I admit that watching me noodle around with oxymorona isn't quite what draws people here, but Typepad lost its head a little yesterday and wouldn't let me post anything new. If nothing else, however, you can see why that entry never made it all the way to the blog. Every week or so I would think of another oxymoron and incorporate it into the story. It was less of a post and more of a hobby.
In other words, I'll resume stoning Adam tonight. (Because in the end, you and I both know you're here for the violence.) However, I'll leave my little experiment below the fold. You're more than welcome to edit sections of the text so to include more oxymorons I haven't thought of. (The result could be our very own Whole Family.)
She left the industrial park, boarded the elevated subway and cursed that so-called benevolent despot for firing her. Spinning the fate of a company that'd grown smaller for the better part of a decade was hardly easy.
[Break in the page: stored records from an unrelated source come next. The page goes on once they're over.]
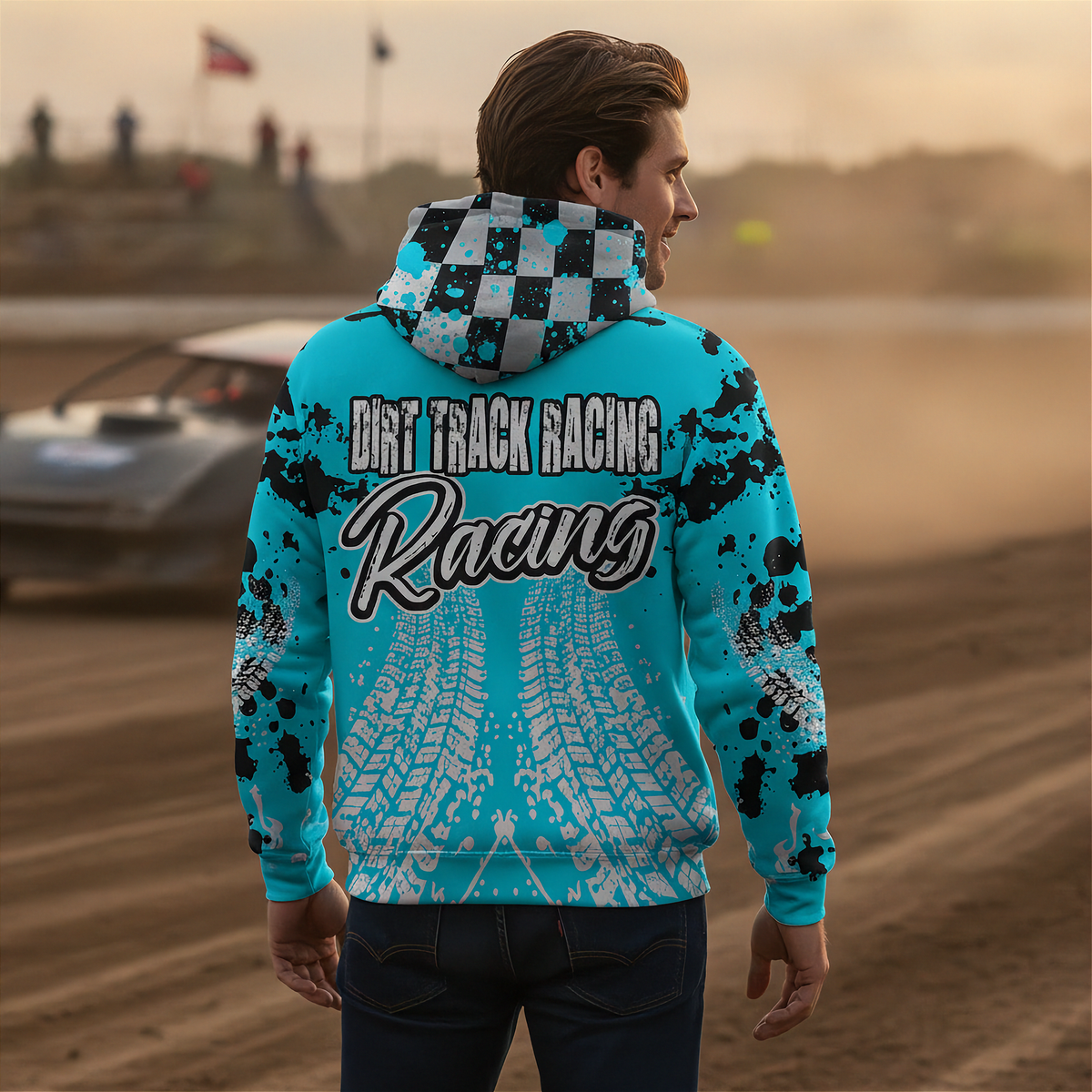 A man stands on a dirt track wearing a bright turquoise hoodie with black splatter graphics, a black-and-white checkered hood, and large 'Dirt Track Racing' text across the back, with a blurred race car and track in the background.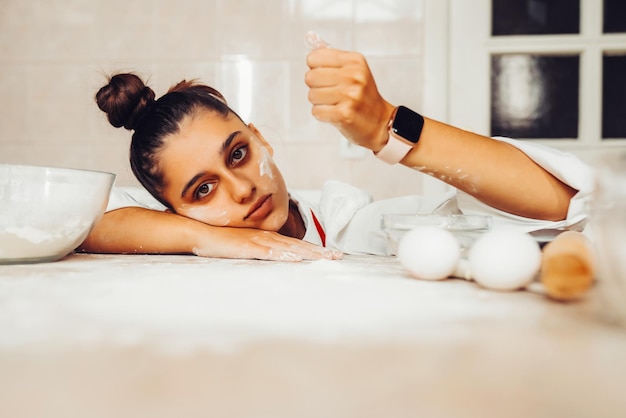 Foto gratuita mujer joven cansada está vertiendo harina en la mesa de la cocina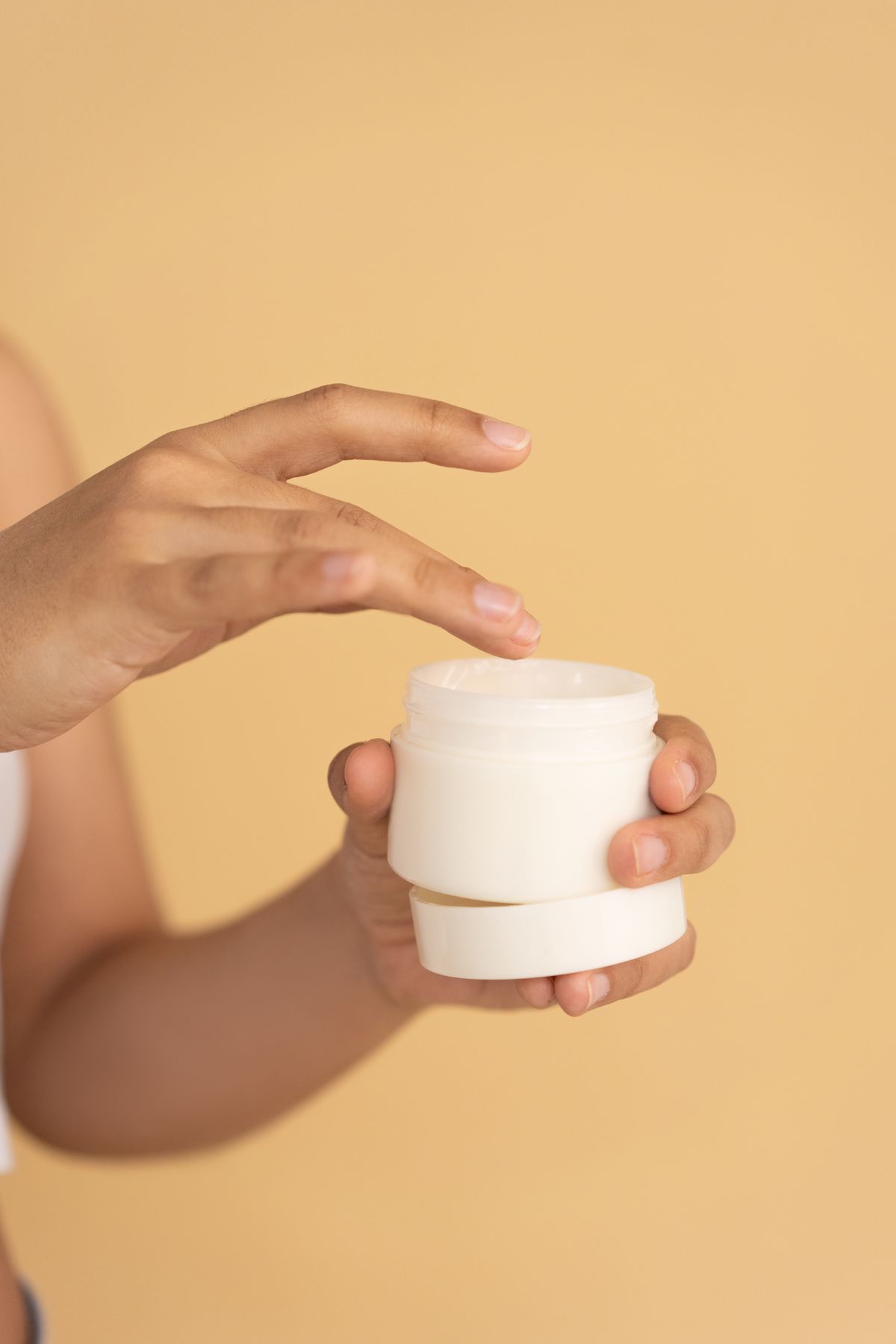 Hands holding a skincare jar against an orange background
Her assistant Jim had written a damned good speech, but that bankrupt millionaire whose benign neglect had put the company in jeopardy had rearranged Jim's talking points in some random order. She couldn't even understand it anymore. She thought aloud:
"'Negative growth'? He's upset I didn't say 'negative growth'? I'll show that old boy negative growth!"
Composing herself, she thought "Perhaps I shouldn't have insisted on reading from the original copy instead of the final draft." As the El pressed forward with deliberate speed she spoke to her reflection in the window:
"You may be flat busted but you're a fighter. A light heavyweight, certainly, but a brawler. You won't end up in a mobile home eating freezer-burned White Castle Hamburgers. You're terribly good at what you do and if worse comes to worst you still look damn fine barely-clothed even if you are flat-busted. He can shove his business ethics and airline food and 'Bald is Beautiful' routine where no sun shines."
She knew the odds of him finding a suitable replacement were astronomically small. Firing her was a calculated error that honest thief would regret in the near future. She'd write the true story behind that functional alcoholic's rise to power. She knew that since his idiot savant of a sister died the office had been in a state of organized chaos. It was an open secret that without Beth Ann around things would get pretty ugly pretty quickly.
She should cash in before it became old news, she thought to herself as the train rapidly decelerated. She felt numb. As she walked into the bright night she felt cautiously optimistic about her future. She wouldn't crash land. She would don her designer jeans and make from this dark day a killing on the corporate memoir market.
As she kicked aside the doorstop, she assured herself that this time the final version would be hers. Unfortunately God hated her. She died where she stood. Her cats were sad.
God chuckled to Himself about His Mysterious Ways and decided to let the genocide in the Sudan continue. "I'm such a just God," He silently thundered to Himself.